WHAT IS NEEDED: The reply should match the listing below character for character, except that no image is carried over.

(DATA UNDER STUDY begins)

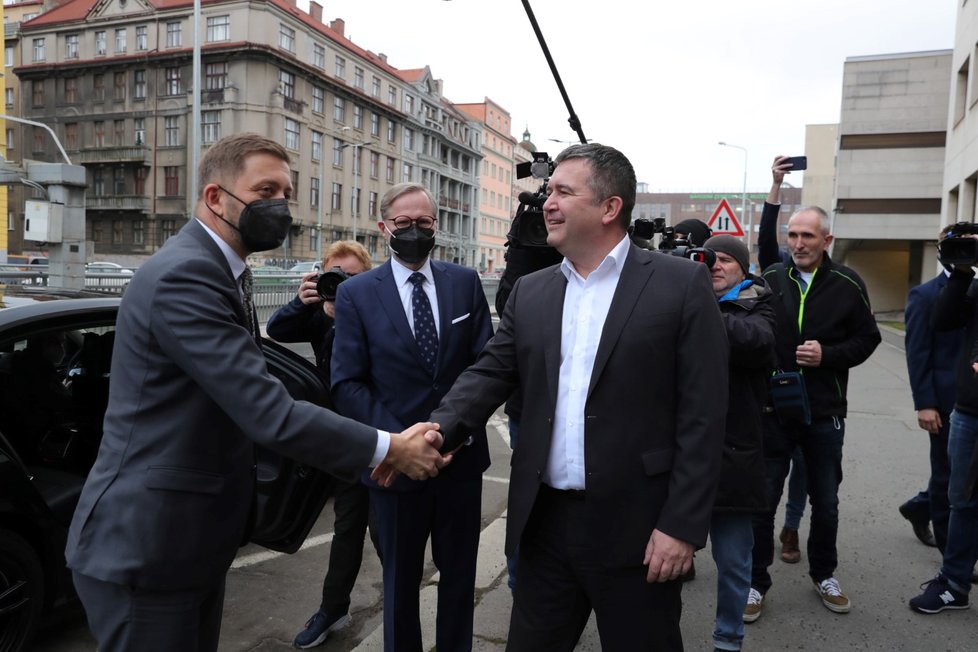 Bývalý ministr vnitra Jan Hamáček se svým nástupcem Vítem Rakušanem a premiérem Petrem Fialou při předávání ministerstva vnitra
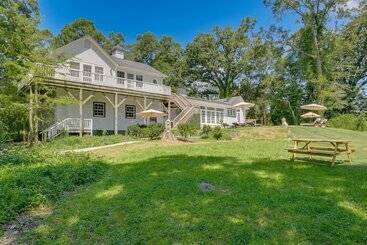Spacious Durham Home W/ Fire Pit & Hot Tub!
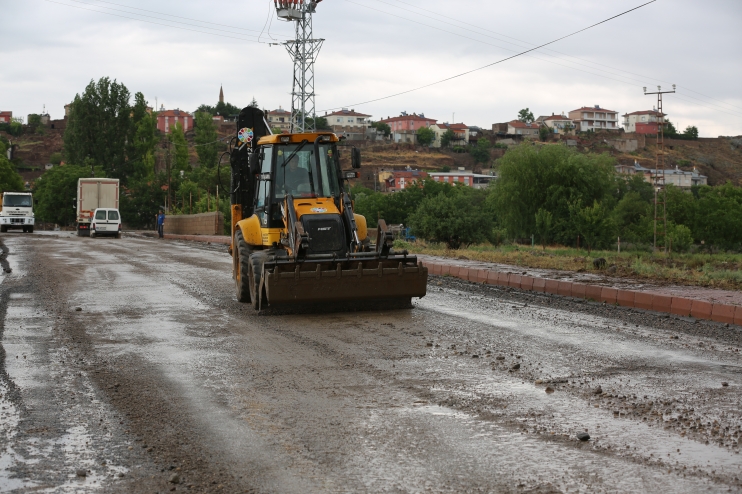 BAŞKAN ÇOLAKBAYRAKDAR, “HER ŞARTTA VE KOŞULDA VATANDAŞIMIZIN YANINDAYIZ”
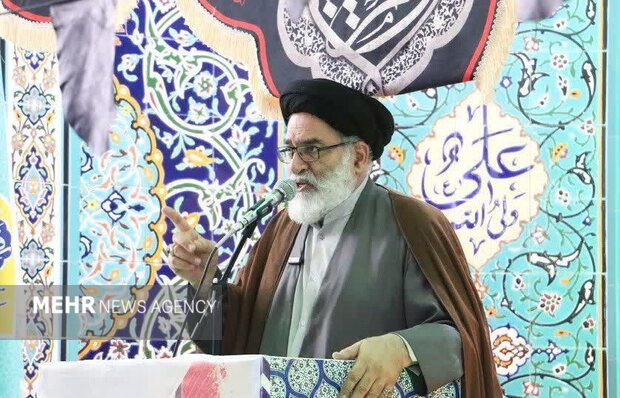محمودی: دشمن از اتحاد ملت ایران هراس دارد
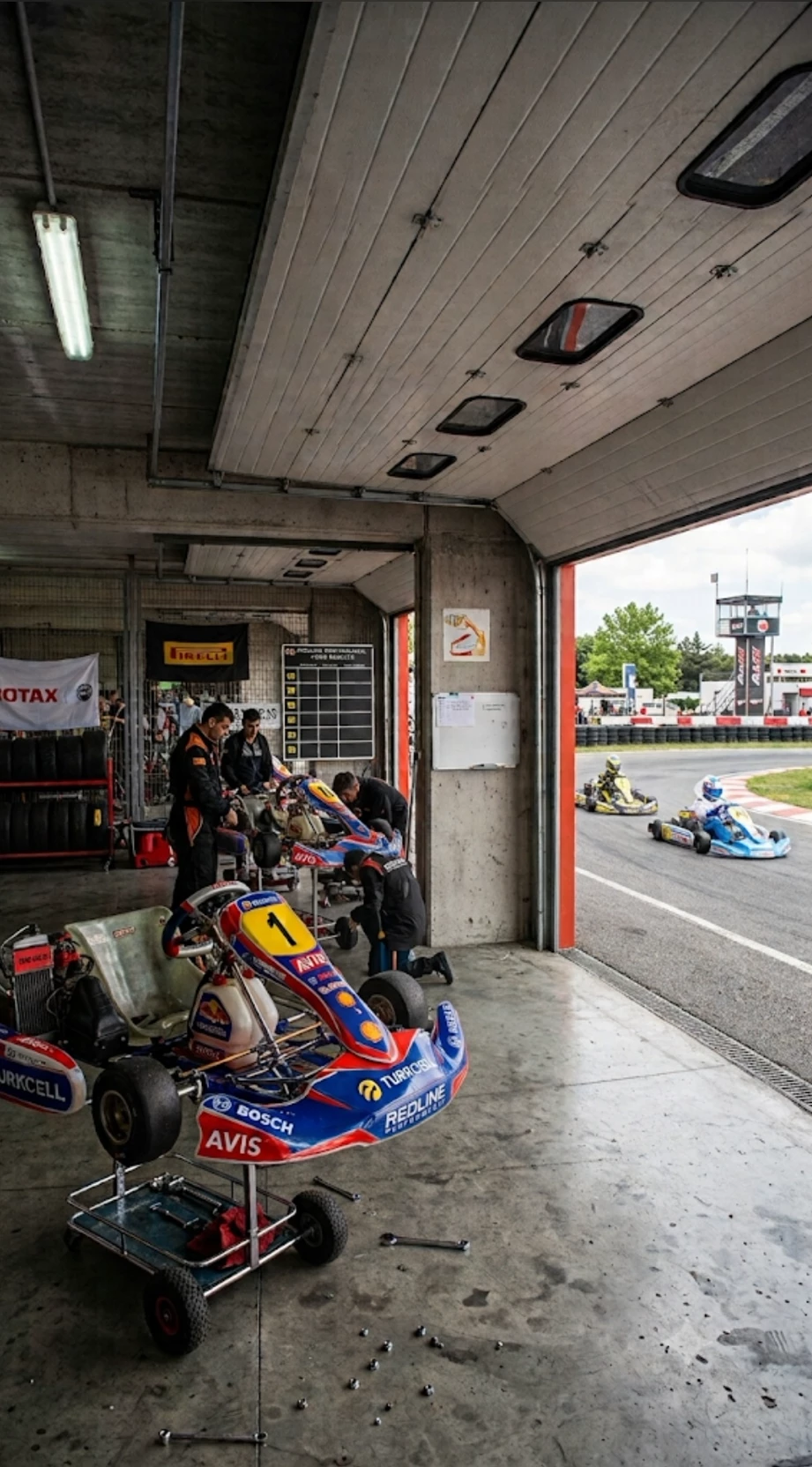 Redline Racing, Karting Team thumbnail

(DATA UNDER STUDY ends)

SOLVED PROBLEM:
 Bývalý ministr vnitra Jan Hamáček se svým nástupcem Vítem Rakušanem a premiérem Petrem Fialou při předávání ministerstva vnitra
Spacious Durham Home W/ Fire Pit & Hot Tub!
 BAŞKAN ÇOLAKBAYRAKDAR, “HER ŞARTTA VE KOŞULDA VATANDAŞIMIZIN YANINDAYIZ”
محمودی: دشمن از اتحاد ملت ایران هراس دارد
 Redline Racing, Karting Team thumbnail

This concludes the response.